Fan favorite characters — like Chris Evans’ Captain America (who elicited applause upon his filmic entrance at my screening), Robert Downey, Jr.’s Iron Man, and Chris Hemsworth’s Thor — all get their moment in the sun, but it is fleeting. Other characters get the shorter end of the stick. There’s quite a lot of stuff to cover in this film, primarily concerning its main heavy, Thanos, which is funny when you realize there’s been nineteen of these movies and Thanos has only become a big deal right now. In effect, Thanos all but takes over the film and makes it his own. Which could be worse; Brolin ends up making Thanos a better character than he has any right to be. Hell.
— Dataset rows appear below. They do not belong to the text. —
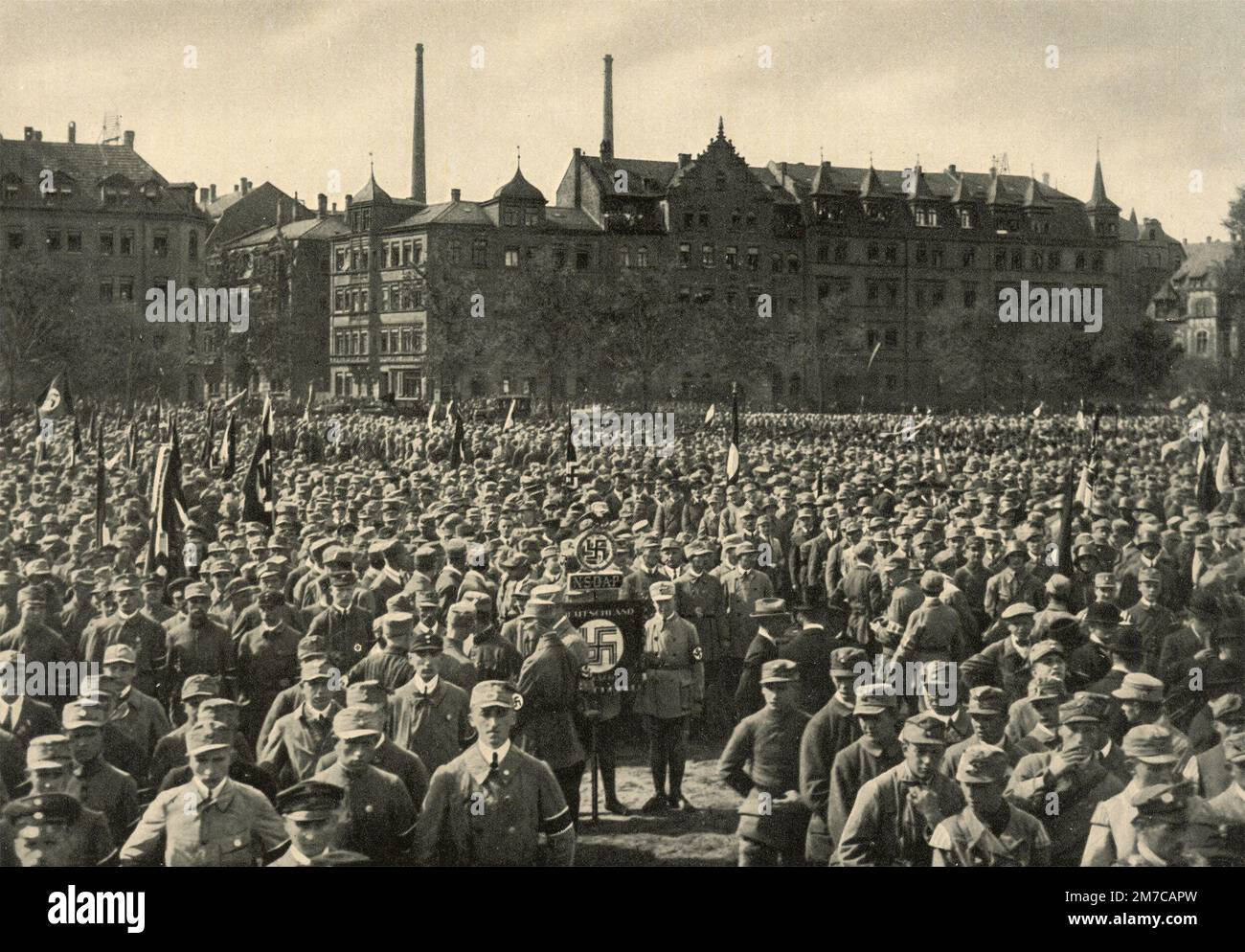 Die Nazi-Parteiversammlung in Nürnberg, Deutschland 1923 Stockfoto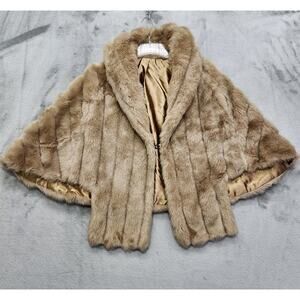 Vintage 70s Wiman Faux Fur Stole Womens One Size Tan Camel Satin Lined Shrug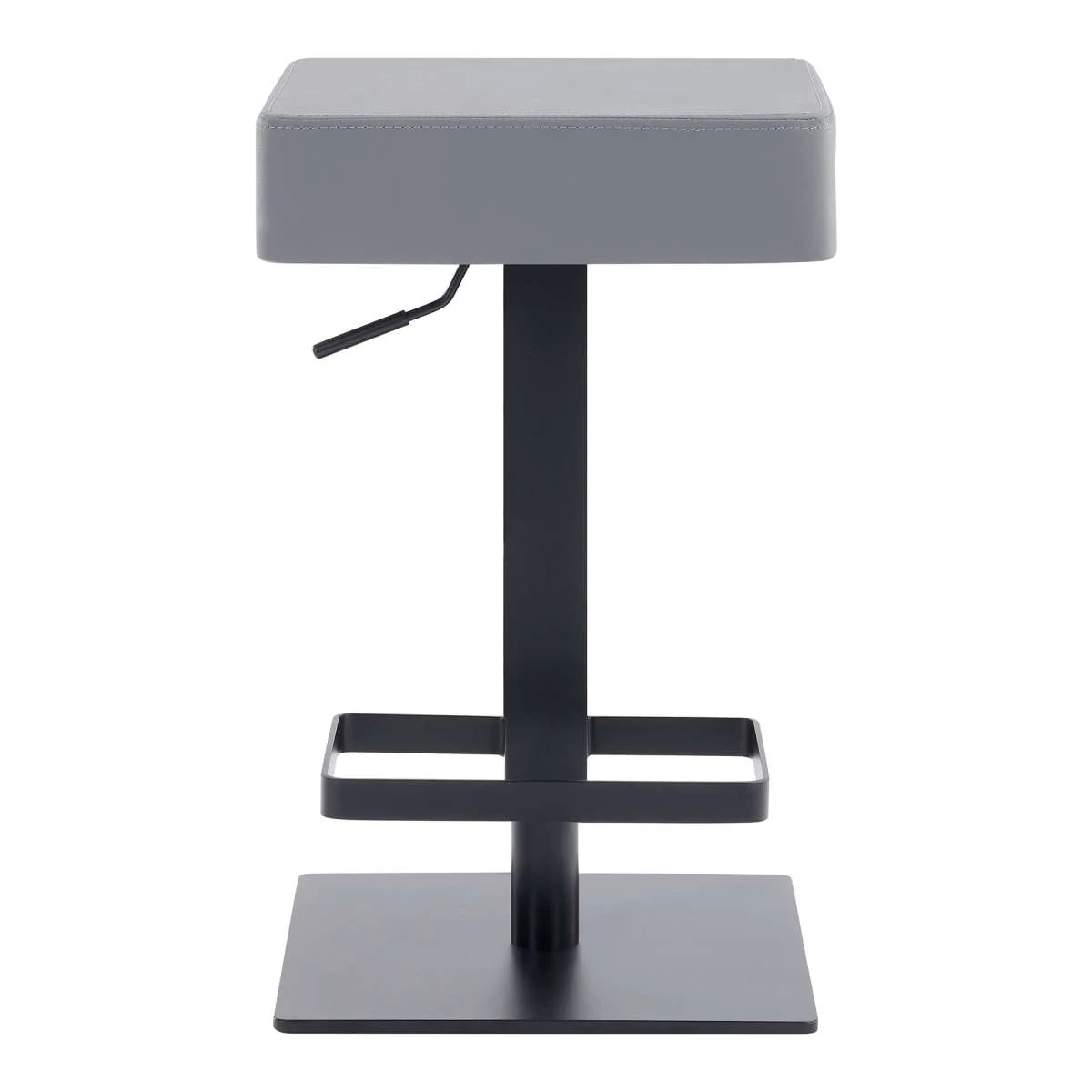 Kaylee Adjustable Height Swivel Grey Faux Leather and Black Metal Backless Bar Stool By Armen Living - Image 3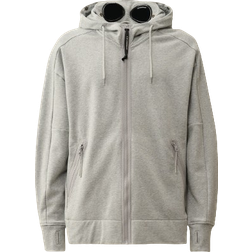 C.P. Company Diagonal Raised Fleece Goggle Zipped Hoodie - Grey Melange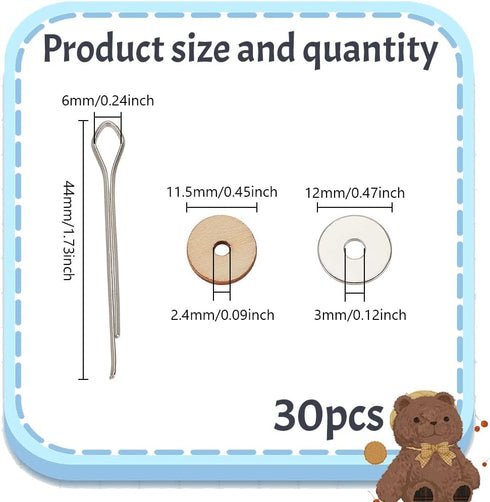 HOBBIESAY 30 Set 12mm Doll Joint Connectors Cotter Pin Joints and Fibreboard Disks Rotatable Pin Joint Wooden Doll Joints Accessories for Plush Te...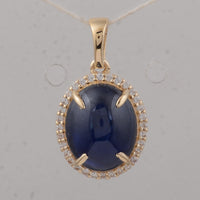 3.97 Ct Oval Sapphire 9K Gold Pendant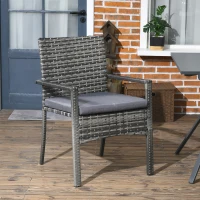 Outsunny Juego de Muebles de Jardín para Exterior de Ratán de 7 Piezas Incluye 6 Sillas con Cojines y Mesa de Metal Gris(m-7)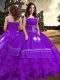 Ball Gowns Quince Ball Gowns Purple Strapless Taffeta Sleeveless Floor Length Zipper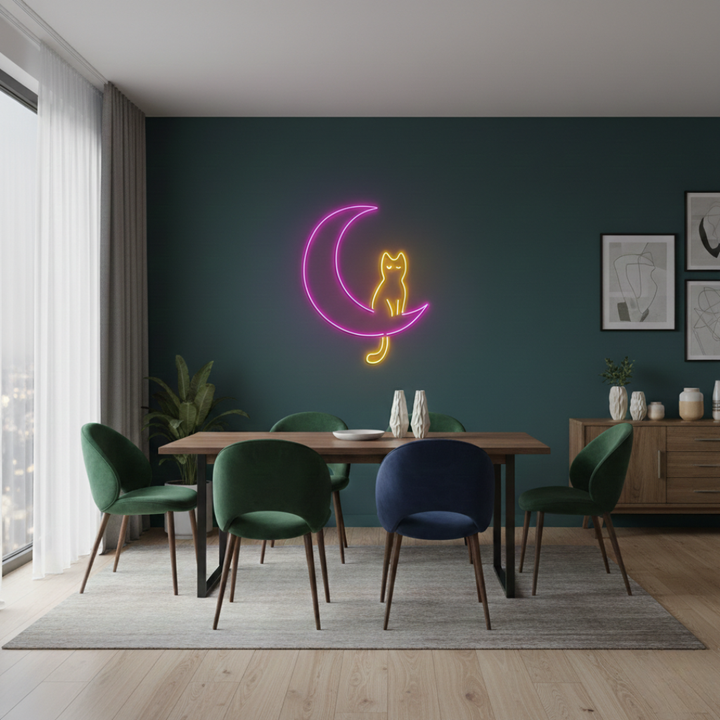 Cat LED Neon Sign glowing on wall for playful home décor by Neon.Shop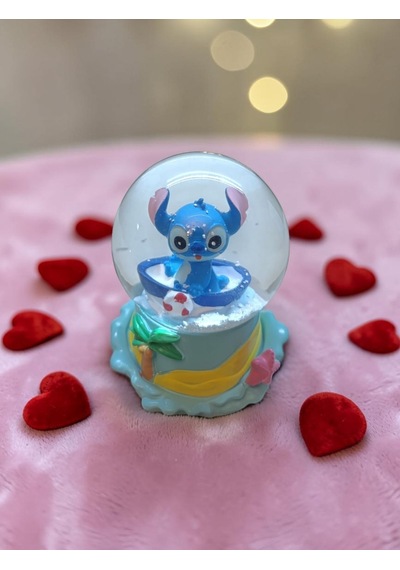 Işıklı Püskürtmeli 10cm-8cm -mavi Renk Sarı Altlık Stitch K...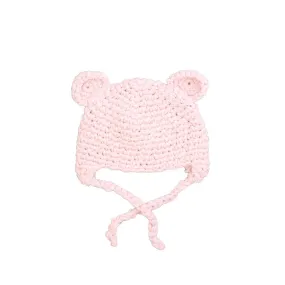 Pink Knit Bear Hat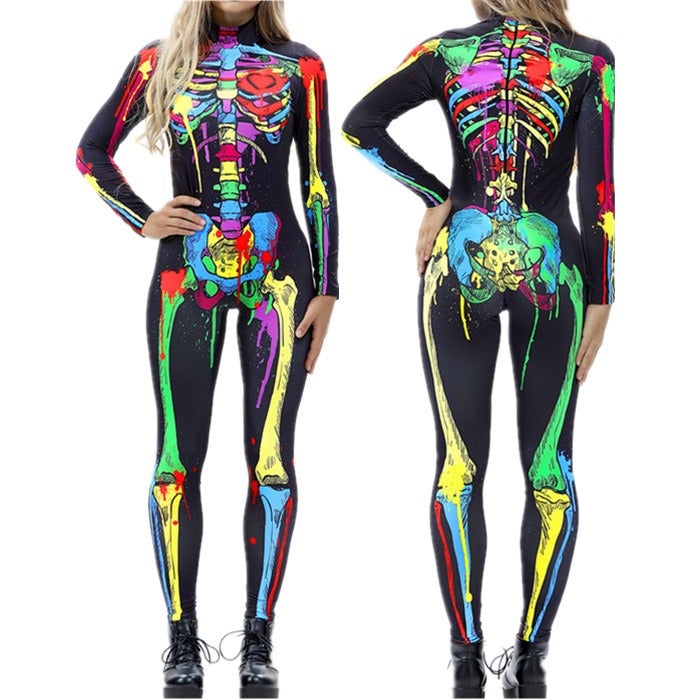 3D Digital Print Skeleton Halloween Costume Long Sleeve Top for Adults & Kids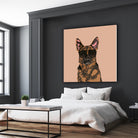 Cool German Shepherd for German Shepherd Lovers by Haidi Shabrina on GIANT ART - pink vector illustration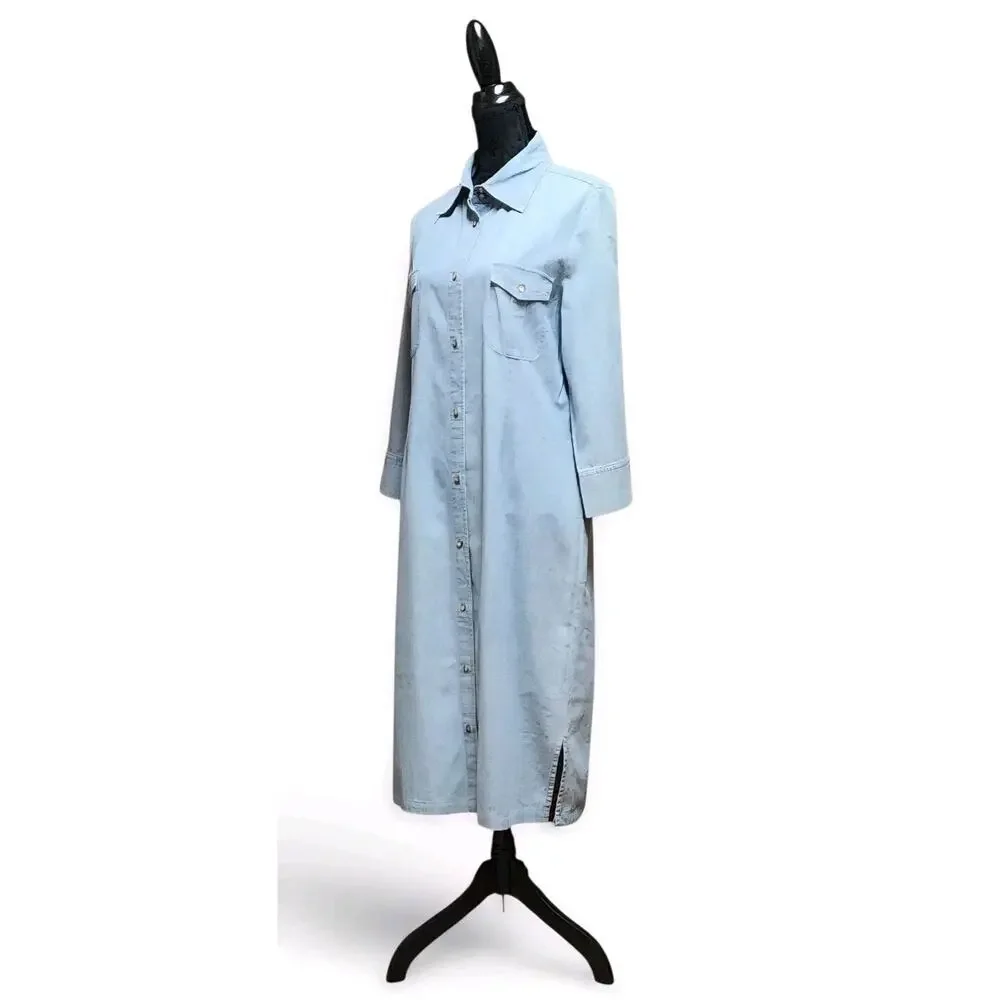 J Peterman Company Modest Size 12 Light Blue Cotton Button-Up Denim Shirt Dress - Picture 3 of 8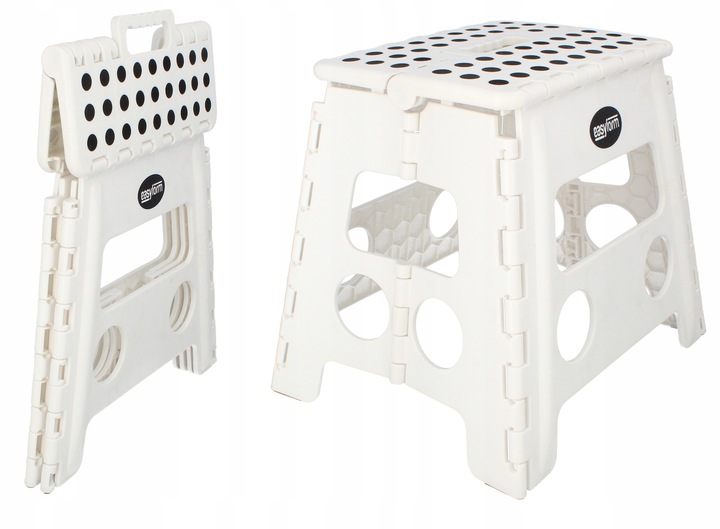 Taboret składany stołek podnóżek antypoślizgowy biały Easyform 32cm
He makes Infinity War a better movie than it has any right to be.

And that’s the trick. Along the way, somehow, these Marvel movies have grown smarter, for the most part. (I’m looking at youThor: Ragnarok.) Captain America: The Winter Soldier dealt with the post-Snowden paranoia that comes with being plugged into a system. Iron Man 3 bothered to broach the subject about heroes suffering an emotional fallout after a traumatic experience. And Black Panther — a milestone film in far more ways than one — touched on colonialism and how it dramatically alters culture and the course of human history. As for Infinity War? It has a lot of things to say about sacrifice. And death. But it’s still a dang Marvel movie.

Directed by Anthony Russo and Joe Russo.

Produced by Kevin Feige.

Screenplay by Christopher Markus and Stephen McFeely.

Starring Robert Downey Jr., Chris Hemsworth, Mark Ruffalo, Chris Evans, Scarlett Johansson ,Benedict Cumberbatch, Don Cheadle, Tom Holland, Chadwick Boseman, Paul Bettany, Elizabeth Olsen, Anthony Mackie, Sebastian Stan, Dave Bautista, Zoe Saldana, Josh Brolin, and Chris Pratt.

Rated PG-13 because of some pretty lucid depictions of death and destruction.